Start of Exercise inputs
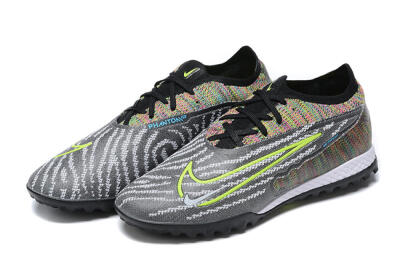 Nike Phantom GX Elite TF Football Shoes - Black/Yellow/Rainbow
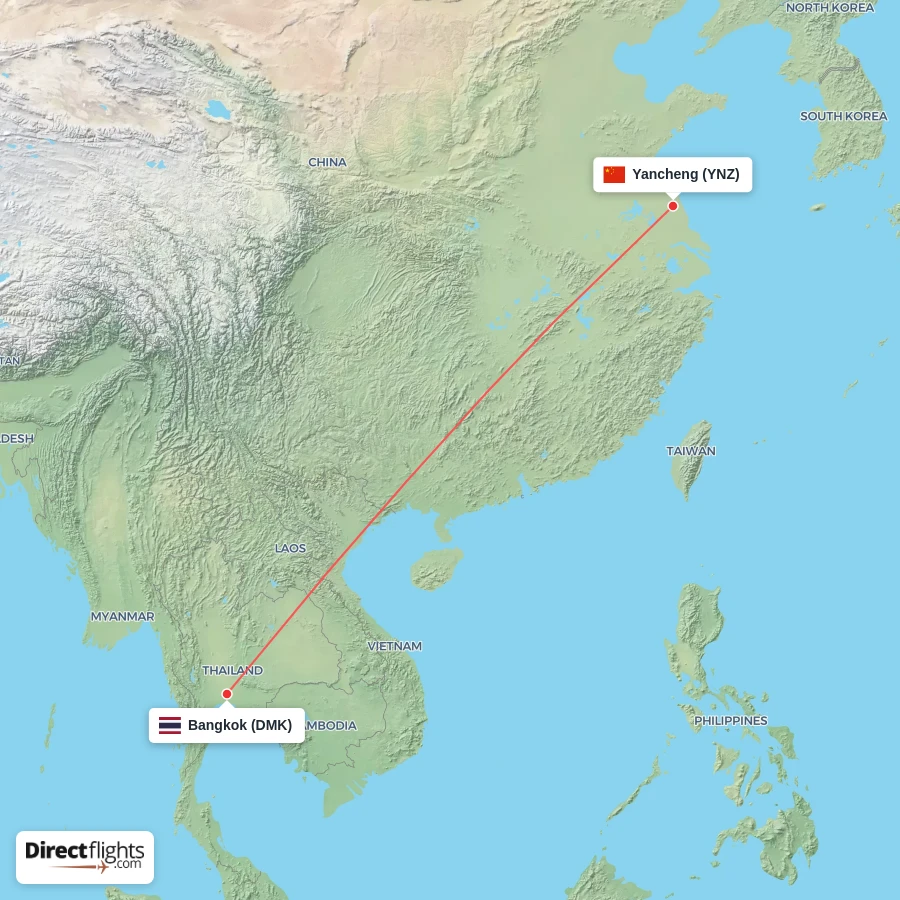 DMK - YNZ route map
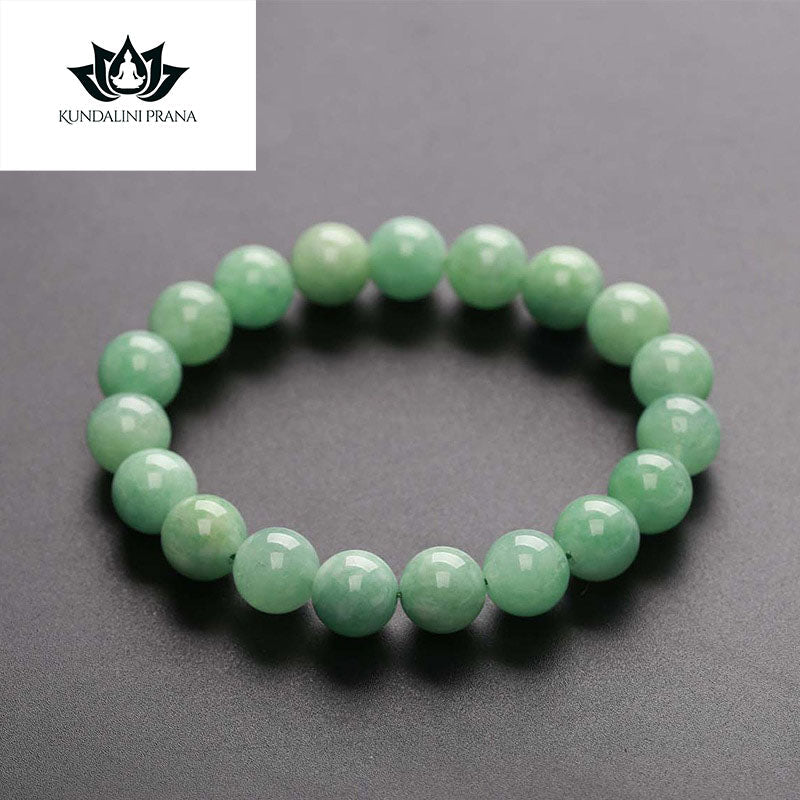 Natural Crystal Gemstone ~ Greenery Jade Bangle ~ for "Abundance, Happiness and Health"
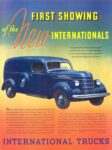 1937 International Trucks. First Showing of the New Internationals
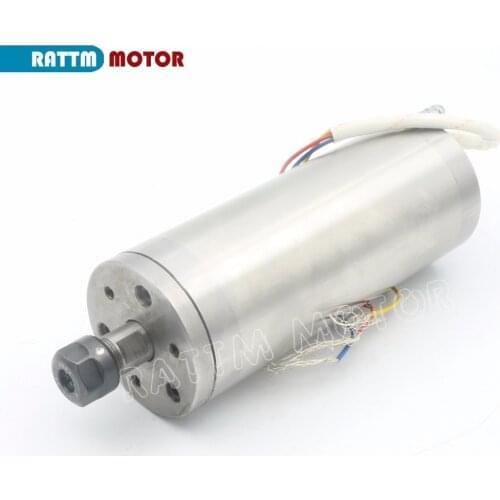 0.3KW 300W 75V Water-cooled spindle ER8 4.5A high speed 60000rpm 300W water cooling spindle motor for cnc Router Engraving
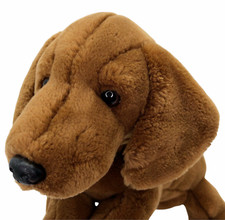 Brown Dachshund Vintage Plush Puppy Dog Wiener Dog Weenie Dog TRS Animal Alley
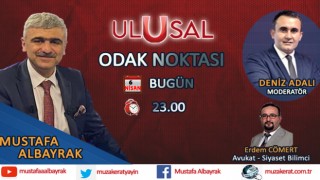 Başyazarımız Mustafa Albayrak bu gece saat 23.00'da Ulusal Kanal'da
End of Exercise inputs
What is needed » Exactly those lines that run from the line holding "0.3KW 300W 75V" to the end of the listing above, both included, are to be reproduced, with pictures left out.

Reply »
 0.3KW 300W 75V Water-cooled spindle ER8 4.5A high speed 60000rpm 300W water cooling spindle motor for cnc Router Engraving
 Brown Dachshund Vintage Plush Puppy Dog Wiener Dog Weenie Dog TRS Animal Alley
 Başyazarımız Mustafa Albayrak bu gece saat 23.00'da Ulusal Kanal'da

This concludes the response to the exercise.